The AARP and State Attorneys General of California, Oregon and New York filed separate motions to intervene in the U.S. Court of Appeals for the Fifth Circuit on Thursday morning, in the latest move to keep the Department of Labor’s fiduciary rule alive. While the two have different interests, both are seeking a rehearing en banc, meaning the case would be heard by all the judges of the court, not just the three that ruled last month.
“We’re pleased that others have recognized the importance of this issue and this case,” said David Certner, legislative counsel and legislative policy director for government affairs at AARP. “And quite frankly we’re hopeful that because you have significant voices speaking up, this will get the court to take a relook at this case.”
“We cannot go back to the days when retirement advisors could put their own financial gain ahead of the best interests of their clients who sacrificed to save for retirement,” California Attorney General Xavier Becerra said in a statement. “We are ready to defend the Fiduciary Rule in court.”
In a 2-to-1 decision, the Fifth Circuit struck down the DOL rule in mid-March, agreeing with the plaintiffs that the department overstepped its statutory boundaries in creating the rule, a major victory for the brokerage industry. But that may not be the end of it.
The DOL has until April 30 to appeal the court’s decision; Mary Ellen Signorille, AARP senior staff attorney, said there’s been no indication that the department will do so.
According to court documents filed by the states, Michael Shih, a Justice Department attorney, said in an email, “The government takes no position as to intervention.”
Duane Thompson, senior policy analyst at fi360, believes the odds are slim the Court will grant a rehearing.
“This rule is like a cat with no demise,” he said. “I think this rule has gone through eight lives, and it’s questionable whether it maybe used them all up. I think it’s a longshot. From what I understand, when a third party tries to intervene in an administrative challenge like this, to get standing, to carry on the defense of the rule in this case, it’s very difficult. So this is kind of the last gasp by supporters of the original rule.”
If the Court doesn’t grant either request for a rehearing, it could decide to rehear the case on its own, Signorille said.
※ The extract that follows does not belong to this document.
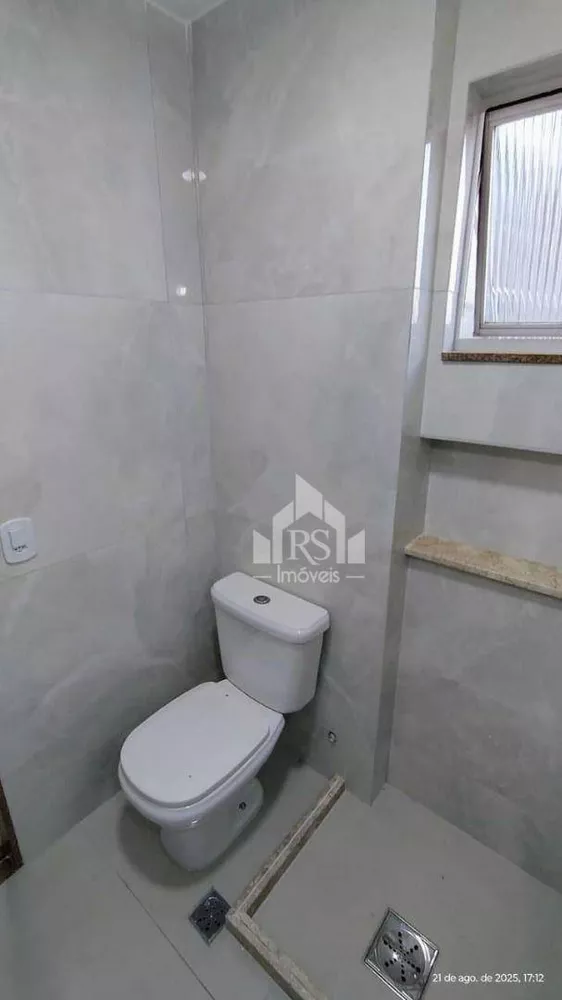 Apartamento, 2 quartos, 65 m² - Foto 20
Then, either the parties go back and argue it, or the Court appoints someone to argue the case.
In its filing, AARP argues, “the (Fifth Circuit) decision creates an irreconcilable intra-circuit split (within the Circuit itself) and conflicts with Supreme Court precedent.”
Meanwhile, the states argue that California and New York will lose more than $52 million in tax revenue from retirement investment income over the next 10 years if the rule is vacated.
The Securities and Exchange Commission recently voted to propose a rule package that would put in place a best interest standard for broker/dealers and advisors.
“What we need to delve into a little more clearly is how they’re defining a best interest standard, whether they’re defining it in a strong enough way that it really satisfies what we think is the important fiduciary standard at stake here,” Certner said.